- Born: December 18, 1978 (age 47) Malang, East Java, Indonesia
- Occupations: Actress; model; singer;
- Years active: 1992–2024
- Musical career
- Genres: Alternative rock;
- Instruments: Vocal; Guitar;
- Label: Aquarius Musikindo

= Cindy Fatika Sari =

Cindy Fatika Sari (born December 18, 1978) is an Indonesian-born Canadian retired actress, model, and singer-songwriter who was active in the Indonesian entertainment industry.
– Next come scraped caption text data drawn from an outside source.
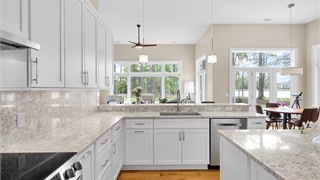 74 Lexington Drive thumbnail image 25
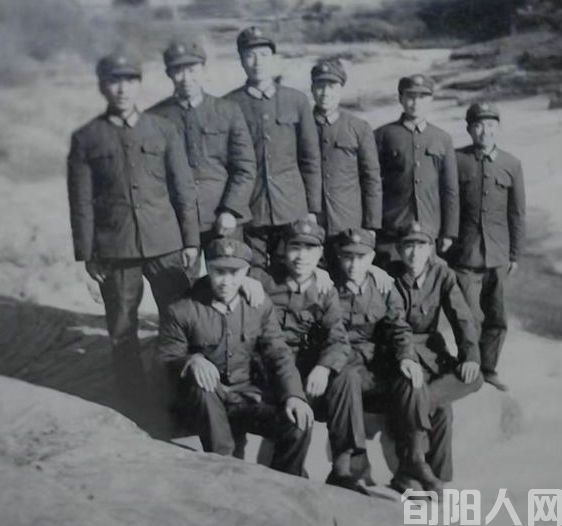 投身军营,践行铿锵誓言 献身事业,彰显英雄本色 ---原中国东方航空公司设备有限公司陕西分公司书记陈安金(图3) 6.jpg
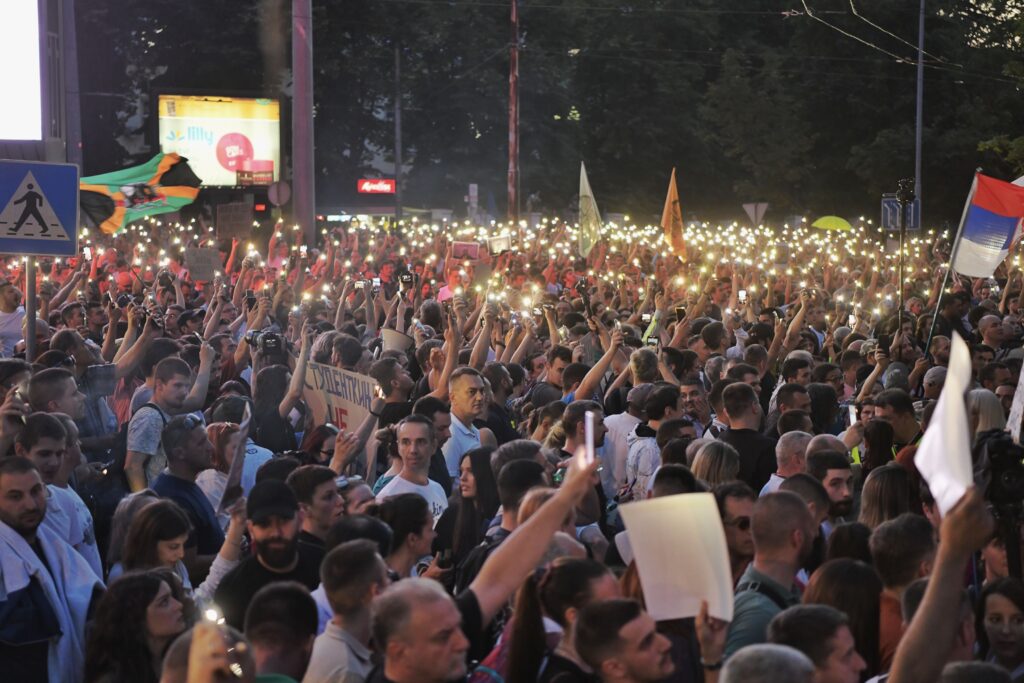 Beograd, 01.07.2023. Protest Srbija protiv nasilja 9, Pink, ispred Pinka Foto: Goran Srdanov/Nova.rs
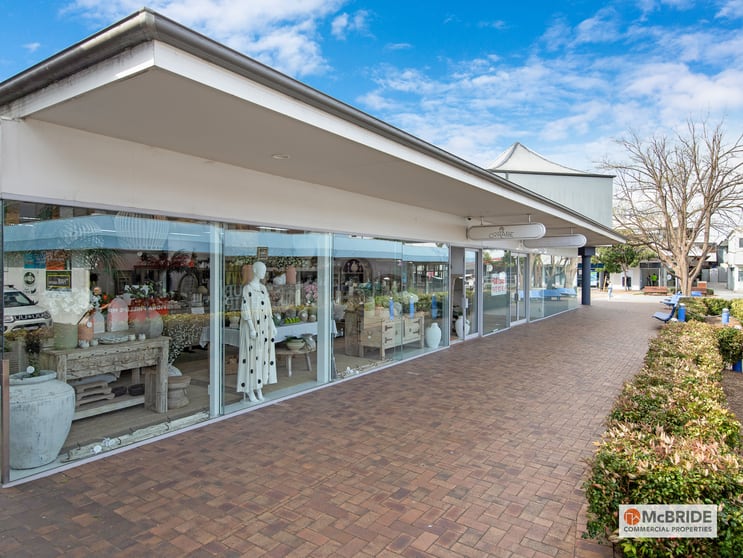 Click to view all images 9/2a-4a Orient Street Batemans Bay NSW 2536 - Image 1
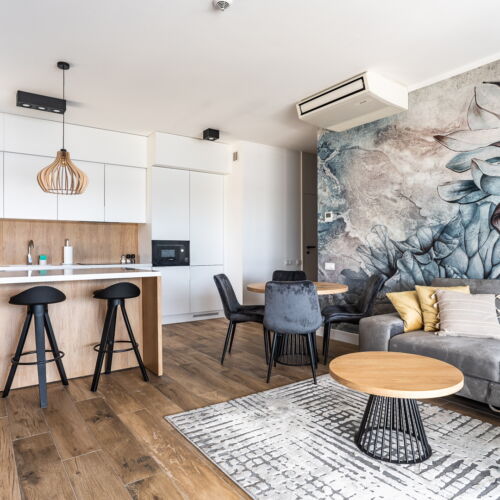 Apartament deluxe cu vedere spre lac cu 3 camere pentru 6 pers.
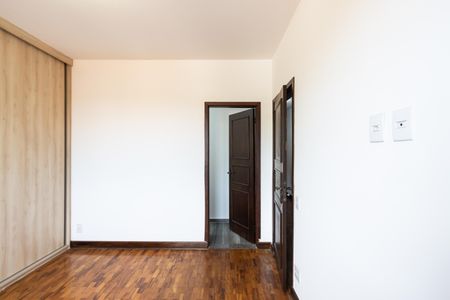 Casa à venda com 258m², 4 quartos e 6 vagasSuíte 2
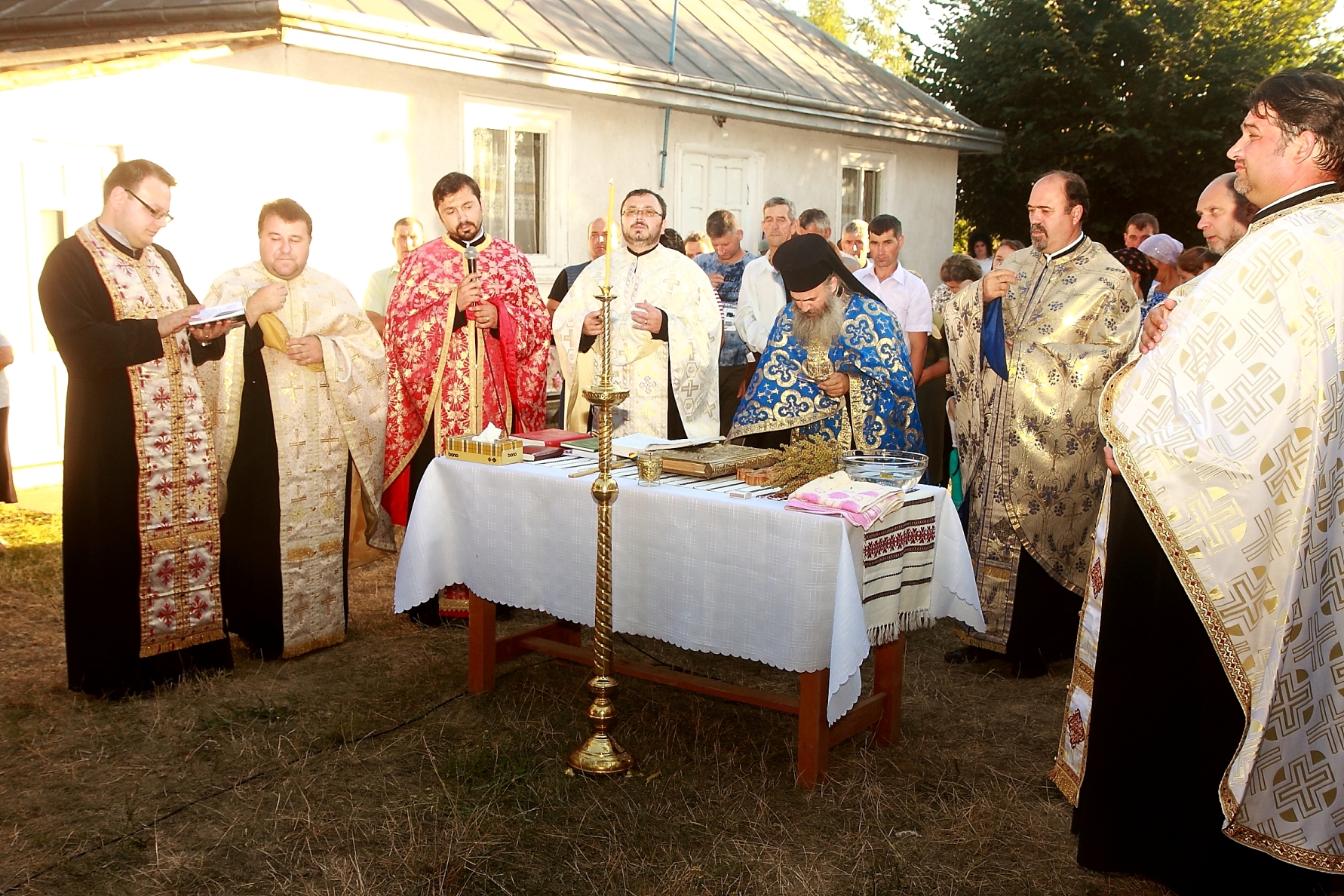 Bucurie duhovnicească lângă moaştele Sfântului Mare Mucenic Teodor Tiron Bucurie duhovnicească lângă moaştele Sfântului Mare Mucenic Teodor Tiron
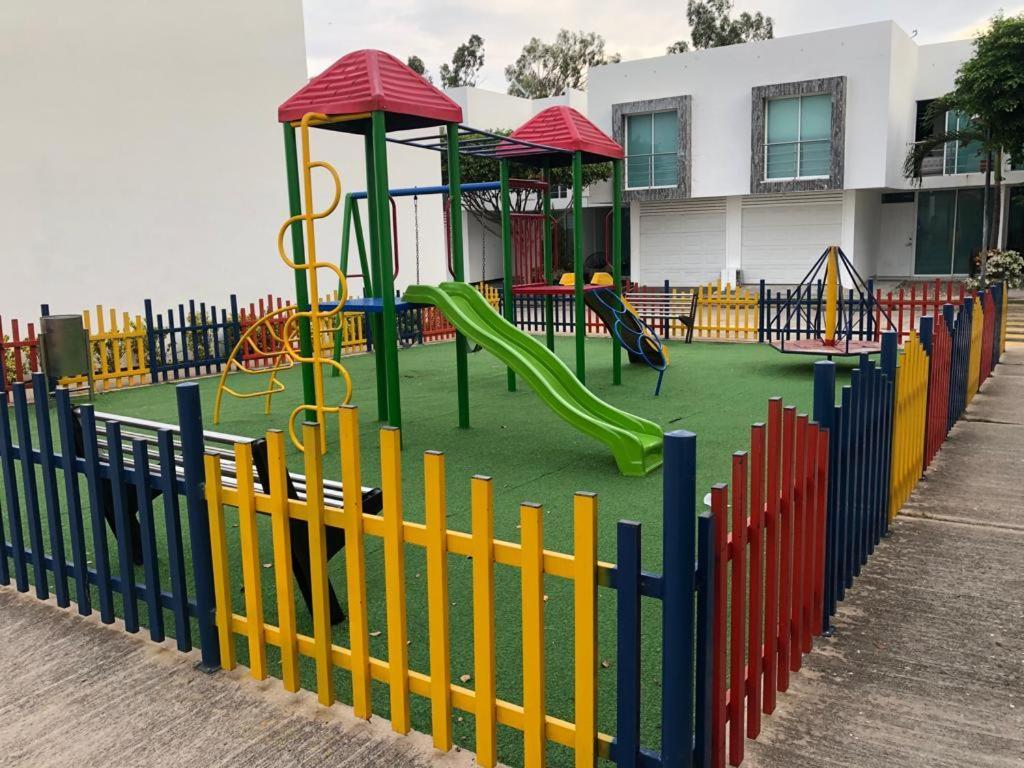 Casa Esquina Condominio Diomedes Daza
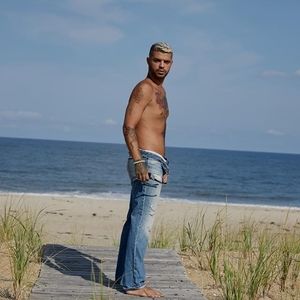 Meet your Posher, Jay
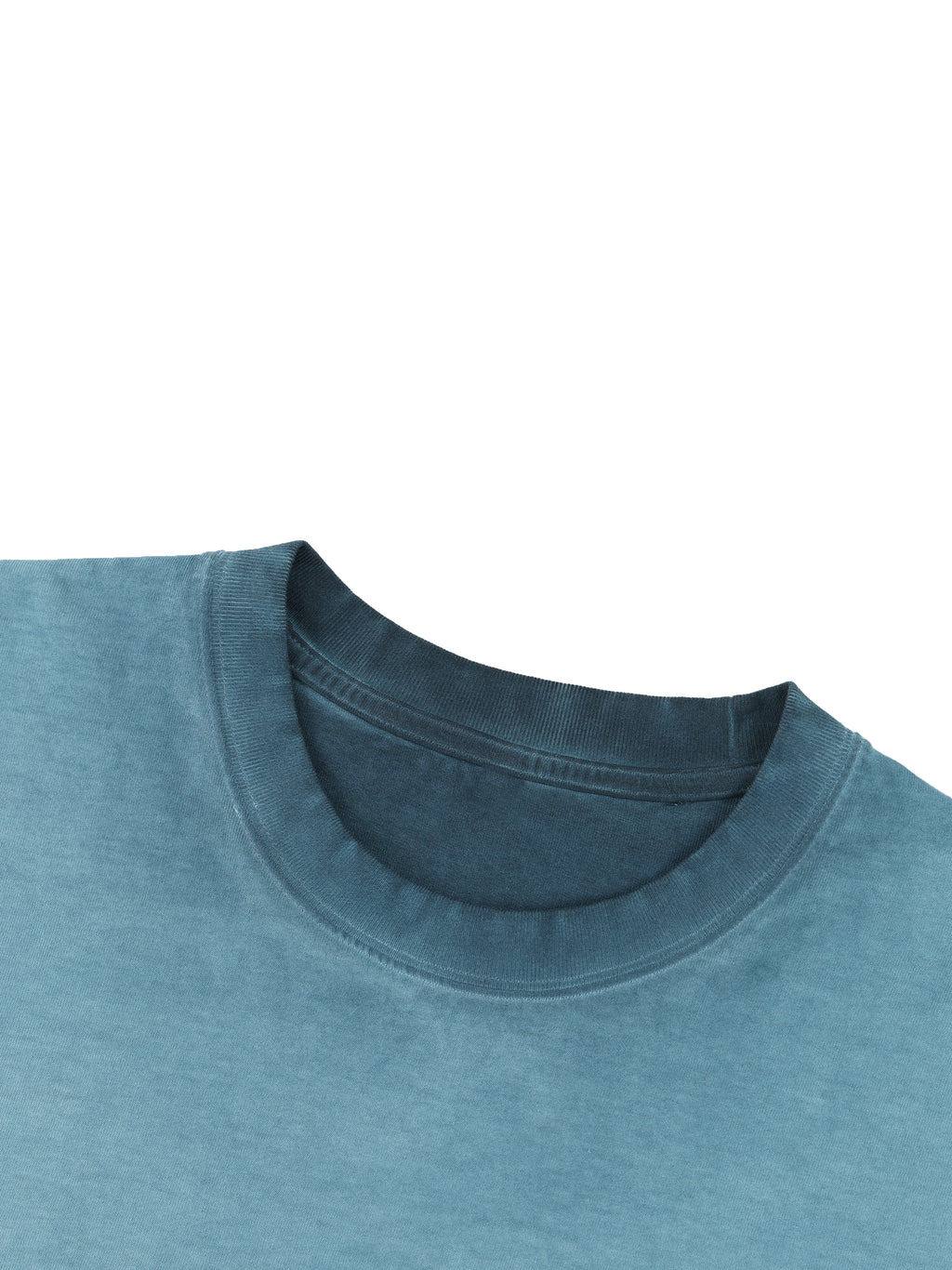 reverseddyedtshirt,vintagewashtshirt,boxytshirt,oversizedtshirt,unisextshirt,gradienttshirt,cottontshirt,washedtshirt,dropshouldertee,vintagestreetwear,y2kclothing,retrofashion,streetwear,loosefit,shortsleevetshirt,casualwear,minimaliststreetwear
After retiring in 2024, she moved to Edmonton and later acquired Canadian citizenship.

== Early life and career ==
Sari was born in Malang, East Java on December 18, 1978. She obtained a degree in Video Production at the Art Institute of Dallas.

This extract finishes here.